Learning from 50M noisy images (Kaggle Quickdraw competition)

miguel_perez · December 6, 2018, 3:10pm

Hi friends,

I just tried the library in a Kaggle Quickdraw comp, basically @radek 's version of lesson1 achieving a remarkable top 17%. I say remarkable cause this was with a single, not postprocessed model (top solutions postprocessed + emsembled heavily many models).

So, I’d like to share what I have learnt, it’s just my intuitions so feel free to add/discuss any of them:

-1) “Vanilla” Fast.ai handles without problem the huge amount of images converging nicely in a few epochs.

-2) If you have zillions of varied data don’t use augmentation, it will not beat real images. (What zillions means will actually depend on the number of classes but 50 million images is enough to forget about augmentation)

-3) Be careful with momentum if you have noisy data (5% of images where “swap” noise).

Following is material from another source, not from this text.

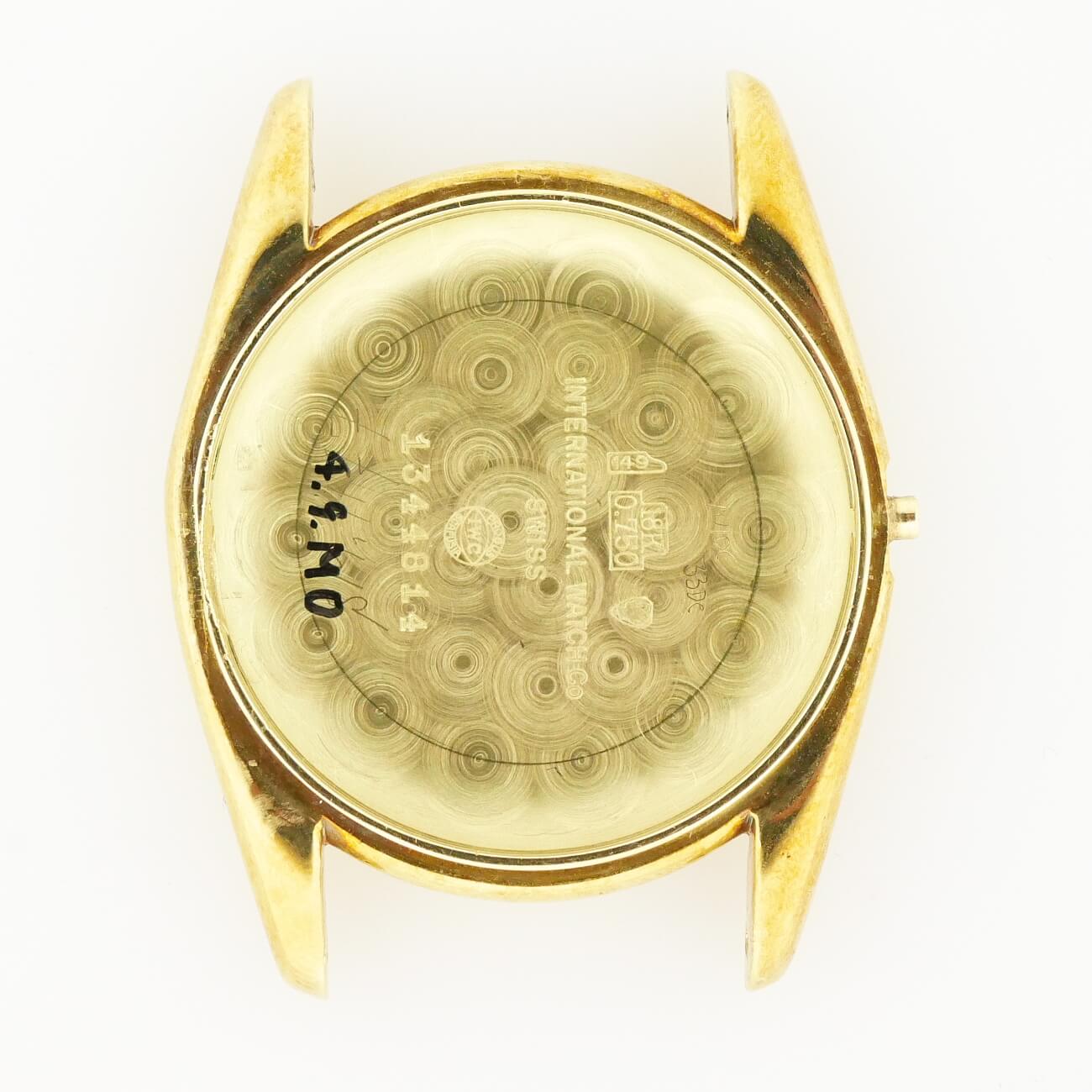 IWC ROUND MODEL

I benefited a lot from reducing momentum sustancially. My guess is that momentum hurts normal “noise balancing” observed in NNets with swap noise.

-4) related to 3), Im quite curious about Noise handling. Especifically, why with so much data noise could not be completely filtered by my -single- model. Made me wonder about how well adaptative learning rates + cycles filter noise, considering that optimal filtering should be random.

So that’s it, maybe obvious hints but I found them very usefull in this case. Any aditional insight, especially about points 3 and 4) will be welcome, I think noise was the key to that classification and no single model that I know of was able to completely filter it without being ensembled with others, not even the top ones.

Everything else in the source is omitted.